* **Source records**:
┄┄┄┄┄┄┄┄┄┄

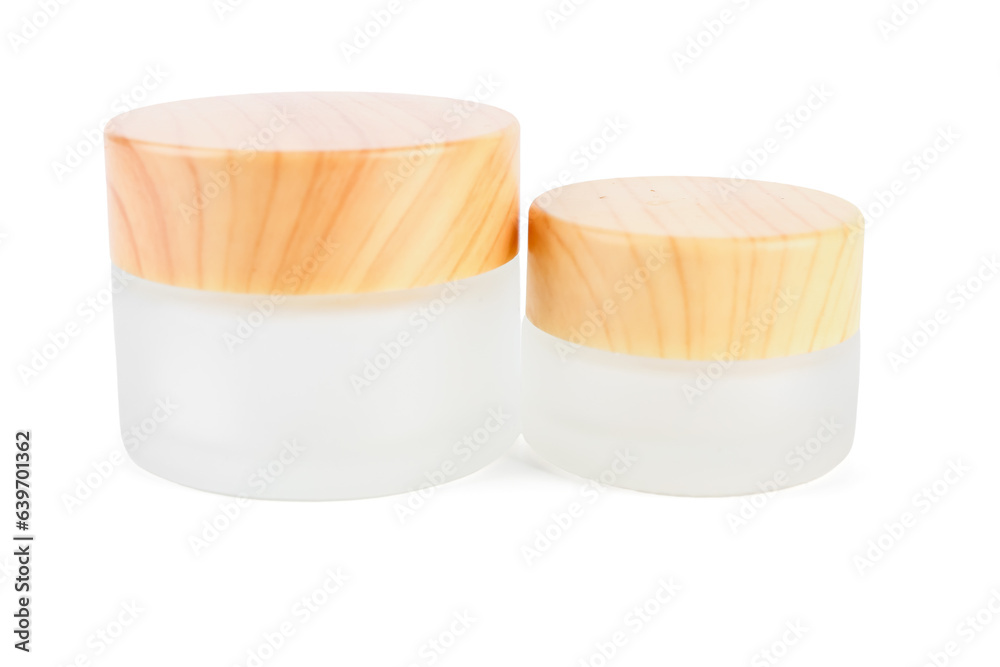 Cosmetic jars with wooden lids on white background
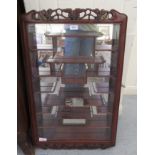 A modern Japanese rosewood netsuke cabinet with a glazed door, enclosing tiered shelves  32"h  20"w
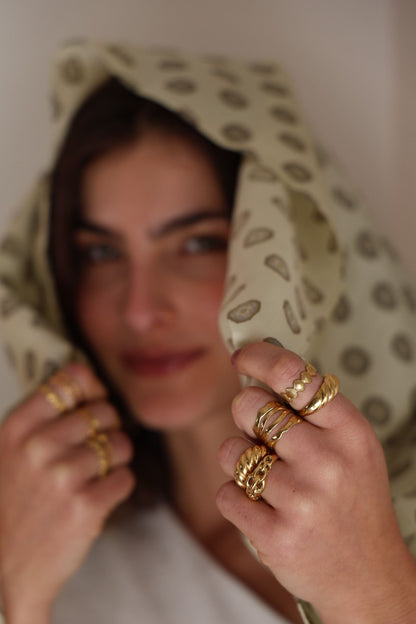 Woman wearing gold rings with a patterned headscarf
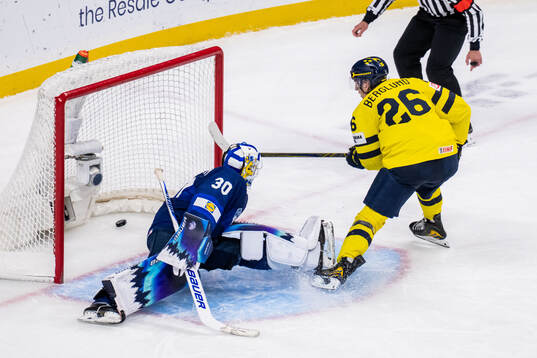 Jack Berglund of Sweden scores against goaltender Petteri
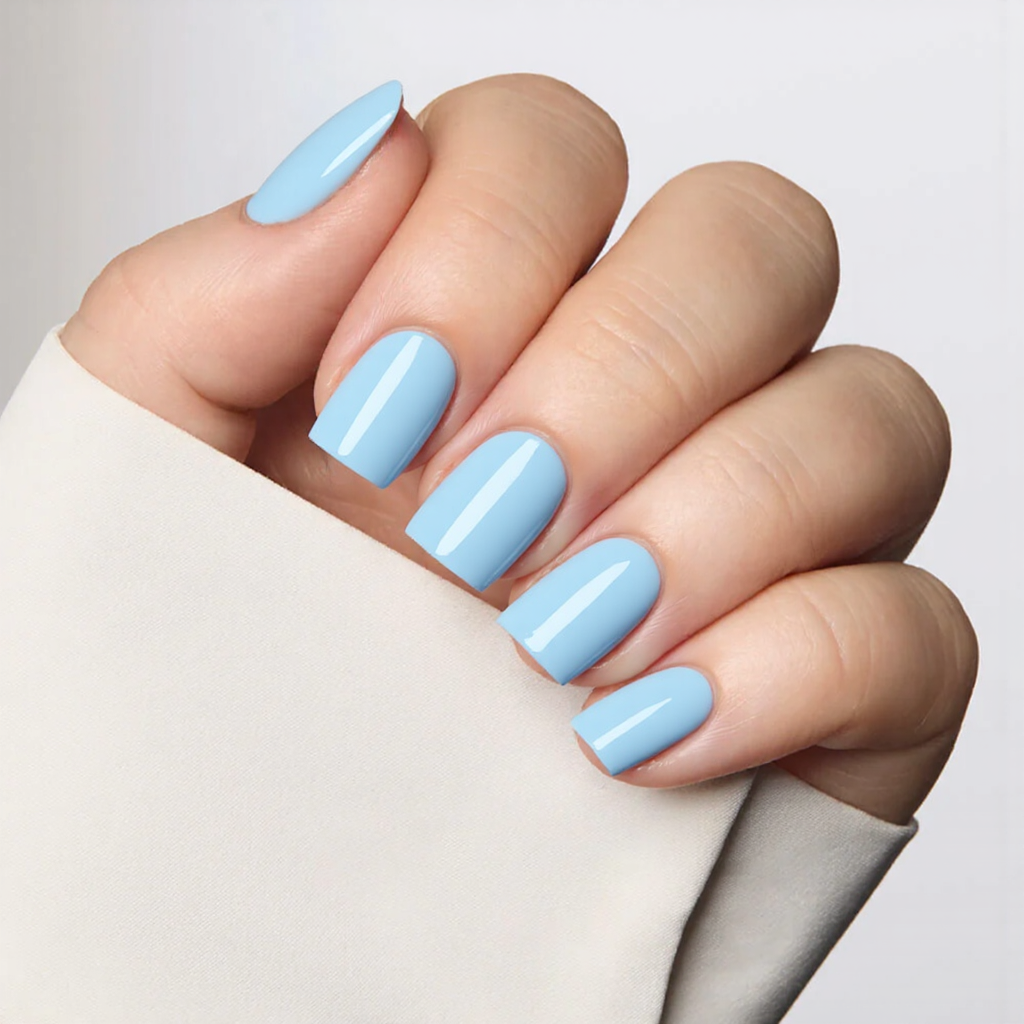 Short square nails in a baby blue shade, a one-and-done approach with no added details.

┄┄┄┄┄┄┄┄┄┄

* **PROBLEM DETAILS**: Your answer should be the lines from the first record down to the line containing "Jack Berglund of", restated exactly, with no pictures.

* **ANSWER BOX**:
 Cosmetic jars with wooden lids on white background
 A modern Japanese rosewood netsuke cabinet with a glazed door, enclosing tiered shelves  32"h  20"w
 Woman wearing gold rings with a patterned headscarf
 Jack Berglund of Sweden scores against goaltender Petteri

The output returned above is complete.